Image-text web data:

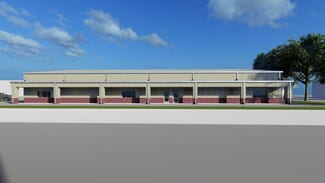 Pensacola, FL Industrial - 7801 Sears Blvd A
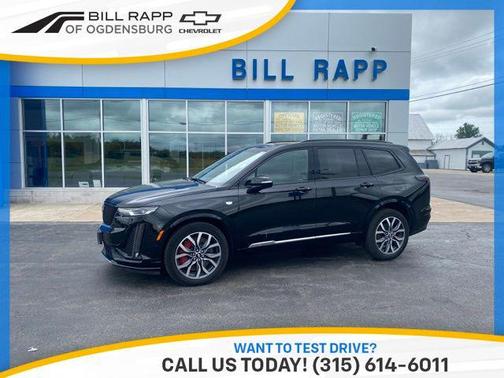2023 Cadillac XT6 Sport AWD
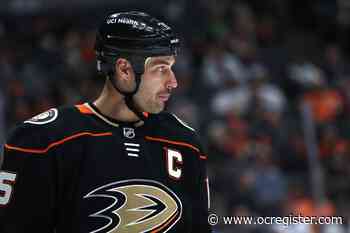 Ducks captain Ryan Getzlaf gets mixed medical news - OCRegister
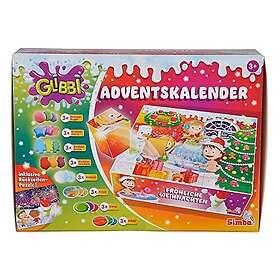 Simba 105953614 – Glibbi adventskalender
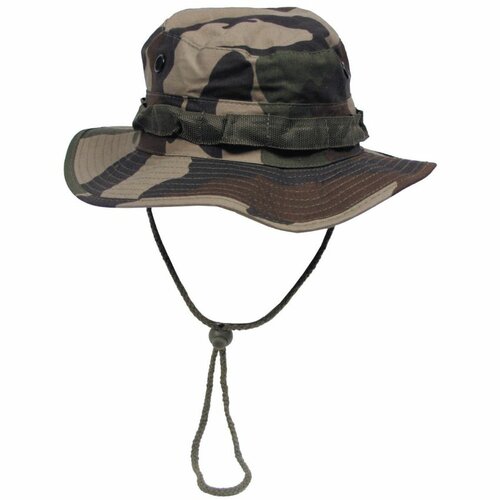 Klobouk JUNGLE RipStop CCE camo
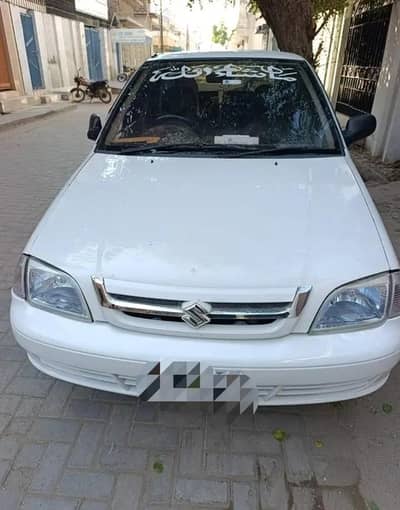 Suzuki Cultus VXR euro 2 2014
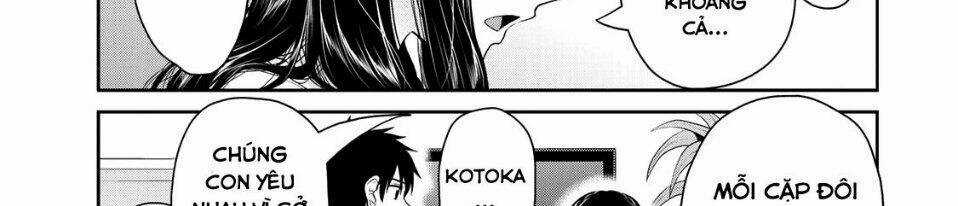 Thứ Mà Đôi Ta Mong Muốn Chapter 62 trang 32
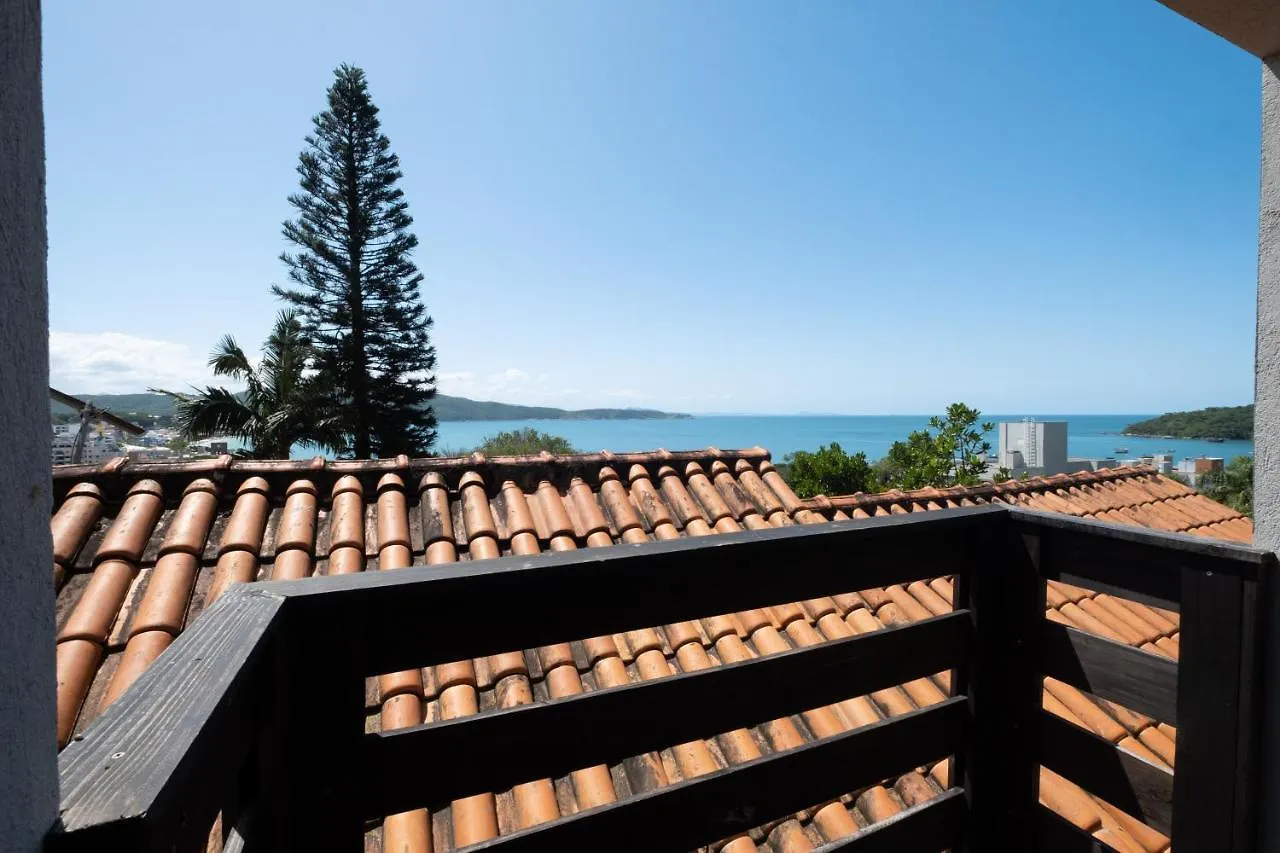 Residencial Bombinhas Vista Mar Apartment 0*,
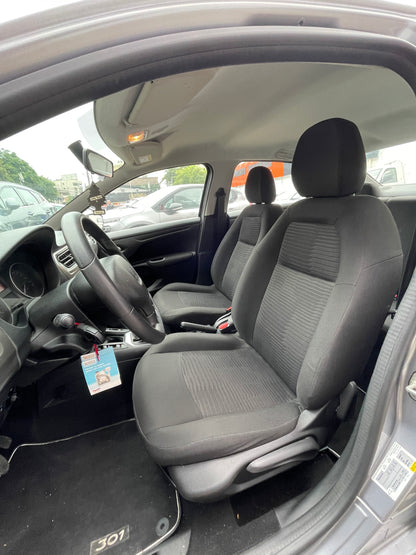 PEUGEOT 301 VTI 1.6, 2018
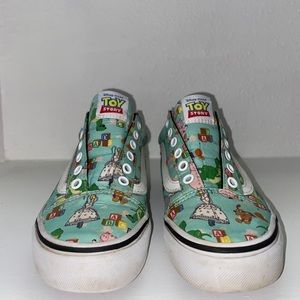 Vans Toy Story Edition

Exercise instructions:
Copy out the records above in full, exactly as written, but not the pictures.

Problem solution:
 Pensacola, FL Industrial - 7801 Sears Blvd A
2023 Cadillac XT6 Sport AWD
 Ducks captain Ryan Getzlaf gets mixed medical news - OCRegister
 Simba 105953614 – Glibbi adventskalender
 Klobouk JUNGLE RipStop CCE camo
 Suzuki Cultus VXR euro 2 2014
 Thứ Mà Đôi Ta Mong Muốn Chapter 62 trang 32
 Residencial Bombinhas Vista Mar Apartment 0*,
 PEUGEOT 301 VTI 1.6, 2018
 Vans Toy Story Edition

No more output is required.